[Brief descriptive captions]
______________________________

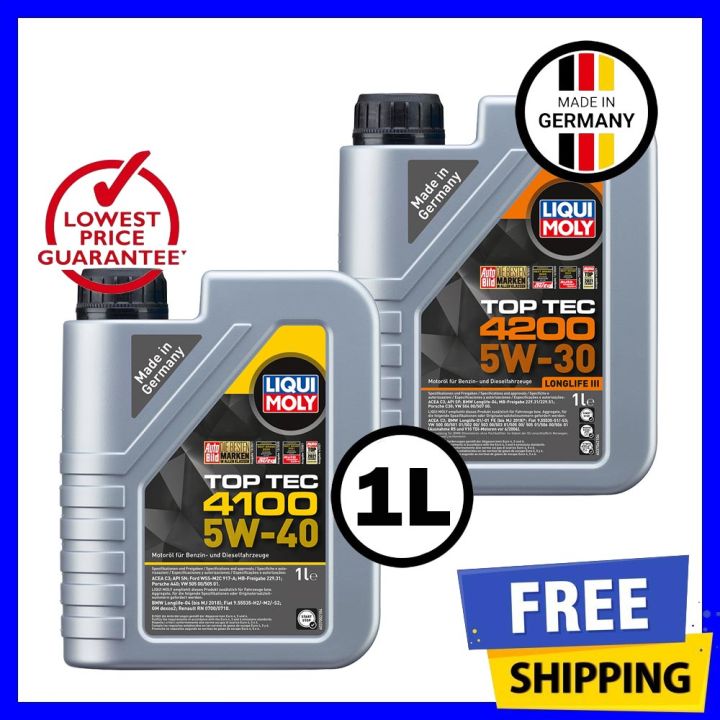 LIQUI MOLY Fully Synthetic Engine Oil TOP TEC 4100 5W40 (1L) 5W-40 ...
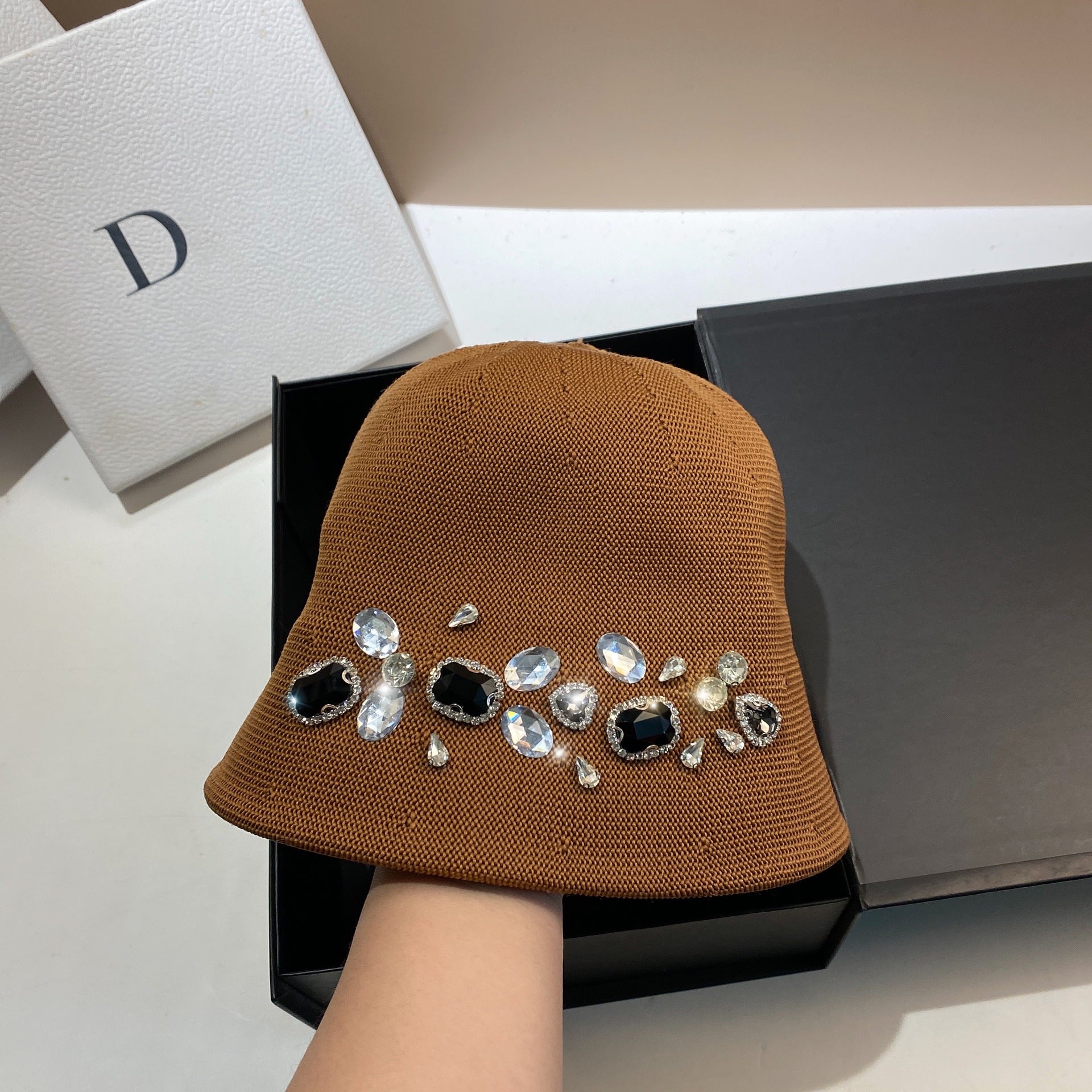 Wholesale Heavy Industry Rhinestone Ice Silk Bucket Hat Bucket Hat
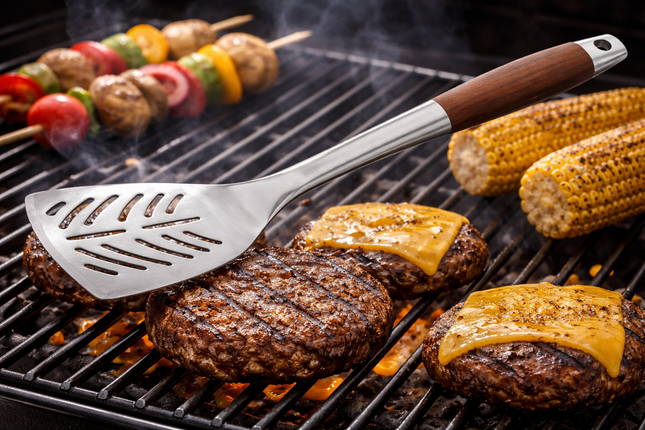 Atom Grills Stainless Steel BBQ Turner Spatula for Outdoor Cooking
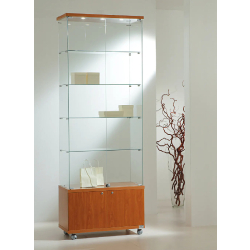 Belle vitrine haute 8/22MVA - rangement en bois et verre trempé avec serrure et roulettes - 80x40x220 cm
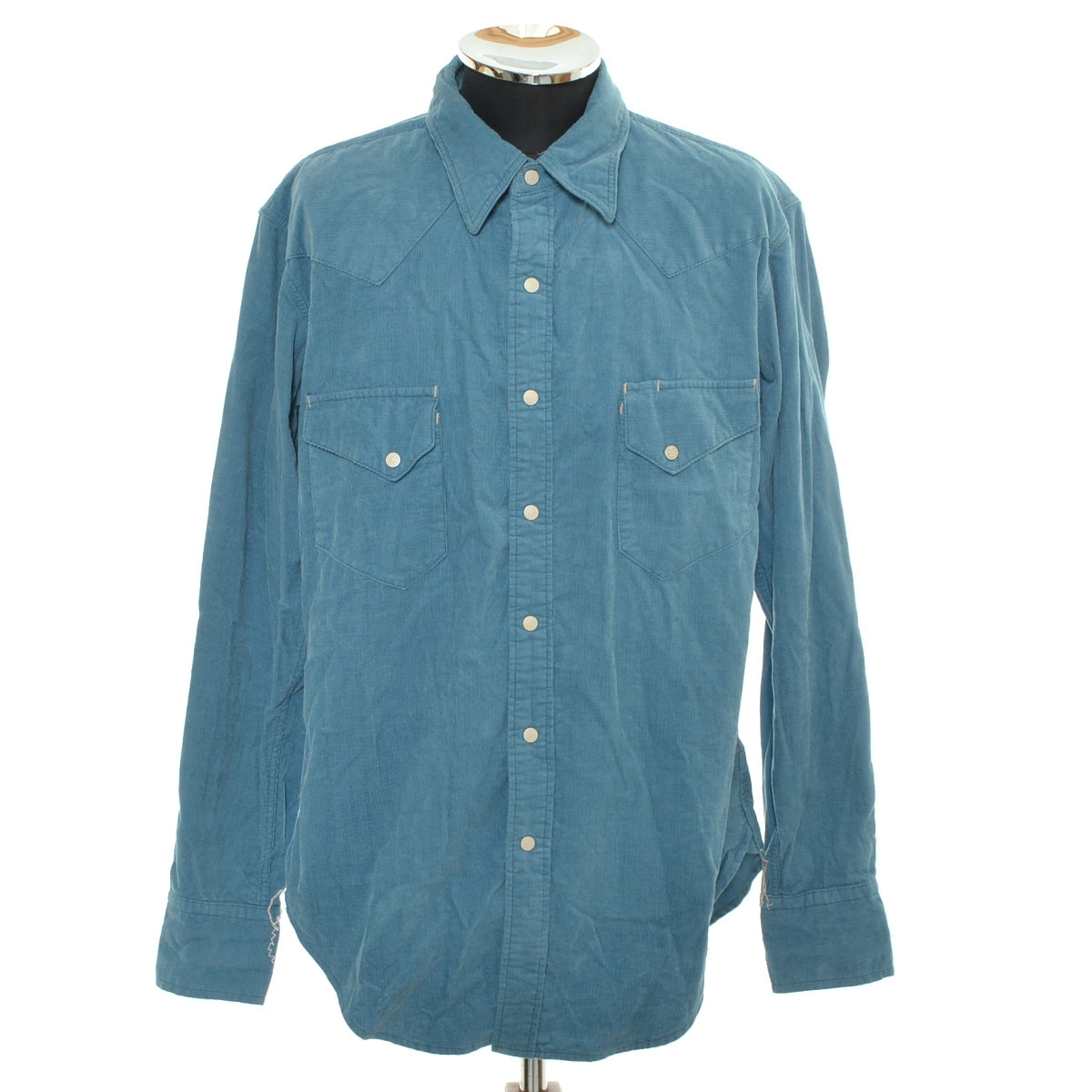 ●568227 BONCOURA ボンクラ ●コーデュロイ ウエスタンシャツ 長袖 CORDUROY WESTERN SHIRT サイズ42 メンズ 日本製 ブルー拍卖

______________________________

**Activity**
Your answer should be every entry repeated exactly, minus the pictures.

**Answer space**
 LIQUI MOLY Fully Synthetic Engine Oil TOP TEC 4100 5W40 (1L) 5W-40 ...
 Wholesale Heavy Industry Rhinestone Ice Silk Bucket Hat Bucket Hat
 Atom Grills Stainless Steel BBQ Turner Spatula for Outdoor Cooking
 Belle vitrine haute 8/22MVA - rangement en bois et verre trempé avec serrure et roulettes - 80x40x220 cm
 ●568227 BONCOURA ボンクラ ●コーデュロイ ウエスタンシャツ 長袖 CORDUROY WESTERN SHIRT サイズ42 メンズ 日本製 ブルー拍卖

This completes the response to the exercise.